Thursday of the Fourth Week in Ordinary Time

Hebrews 12:18-24; Psalm 48; Mark 6:7-13.

“God, in your temple we ponder your love.”

When we are at Mass, where are we? What do we see that tells us?

Hebrews says what we have come to is not like God’s meeting with Moses to give the Ten Commandments, when there was “thunder and lightning... a thick cloud on the mountain, and a blast of a trumpet so loud that all the people who were in the camp trembled.” They said to Moses, “You speak to us, and we will listen; but do not let God speak to us, or we will die.”

What we have come to is “nothing known to the senses.” At Mass we don’t see anything extraordinary, but the truth is, we “have drawn near to Mount Zion and to the city of the living God, the heavenly Jerusalem, and to innumerable angels in festal gathering, and to the assembly of the firstborn who are enrolled in heaven.” We are “behind the veil” with Jesus our High Priest.

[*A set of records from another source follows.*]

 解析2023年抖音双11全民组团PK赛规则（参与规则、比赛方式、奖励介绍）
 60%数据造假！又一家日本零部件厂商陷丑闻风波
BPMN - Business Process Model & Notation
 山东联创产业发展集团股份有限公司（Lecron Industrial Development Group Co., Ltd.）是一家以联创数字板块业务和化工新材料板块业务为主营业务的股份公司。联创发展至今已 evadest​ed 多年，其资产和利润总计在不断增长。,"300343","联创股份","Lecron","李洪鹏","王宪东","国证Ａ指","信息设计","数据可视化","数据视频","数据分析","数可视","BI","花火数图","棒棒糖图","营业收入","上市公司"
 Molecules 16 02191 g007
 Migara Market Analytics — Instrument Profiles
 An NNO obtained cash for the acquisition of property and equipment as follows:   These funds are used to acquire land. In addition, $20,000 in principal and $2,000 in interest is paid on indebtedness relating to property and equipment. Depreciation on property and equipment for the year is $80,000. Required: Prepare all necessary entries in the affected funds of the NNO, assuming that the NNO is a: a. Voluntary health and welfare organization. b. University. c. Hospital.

In him we have entered into the presence of God in a way that entrance into the “sanctuary” and “Holy of Holies” only faintly symbolized. 1

Does what we do see tell us this?

It should. We see the altar, “where the sacrifice of the cross is made present.” This tells us we have come “to Jesus, the mediator of a new covenant, and to the sprinkled blood that speaks a better word than the blood of Abel.” We see the lectern “from which the word of God is proclaimed,” where “the Father who is in heaven meets his children with great love and speaks with them.”2

But during the “dark ages of the liturgy” this was obscured. The laity were told they were unworthy to “draw near.” Only priests belonged in the “sanctuary,” which was strictly forbidden to women. In the tenth century the Mass was seen as:

•a liturgy of sacrifice and supplication (rather than communion and thanksgiving);

•something performed by a single priest...;

•something done ‘for,’ not ‘with’ the people;

•spoken in Latin, not any living language;

•whispered silently, not proclaimed aloud.

These changes were reflected in architecture.... The notion that the priest ‘led’ the people to God meant that altars were placed against the rear wall. This allowed people to stand ‘behind’ their leader, rather than ‘around’ the altar for a sacrifice which they ‘all’ offered. The people now watched, and from an increasing distance, separated... by ornate sanctuary screens, and then by communion rails....

The liturgy, which had once been a communal prayer, was now a clerical ritual, isolated by distance and language. Instead of casting light on the Christian mysteries, the liturgy itself had now become a mystery.3

Today there is a “backlash” tendency to reject Vatican II’s restored vision of the Church (and therefore of Mass) by giving the impression that those who are “priests in the Priest” by Baptism, but not “elders” (presbyters) by Holy Orders have an inferior status at Mass (and therefore in the Church). This is a clear denial of the message of Hebrews. There is a clear distinction of roles and ministries in the Church and liturgy, but they are all ministries of Christ himself, whose body we equally are, and in whom we all have equal access to God. 4

Meditation: 1. What do I see at Mass? 2. What does it say to me?

1 See Exodus 19:12-24,20:19. This explains the old lectionary mistranslation, “untouchable mountain.” See also Thursday, Week Three: Hebrews 10:19-25.

2 General Instruction on the Roman Missal, 1985, no. 259, 272; Vatican II, “Liturgy,” no. 33; “Revelation,” no. 21.

3 See Priesthood: A Re-examination of the Roman Catholic Theology of the Presbyterate by Patrick Dunn, now Bishop of Auckland, New Zealand, p. 84. 4 Corinthians, chapters 12-13.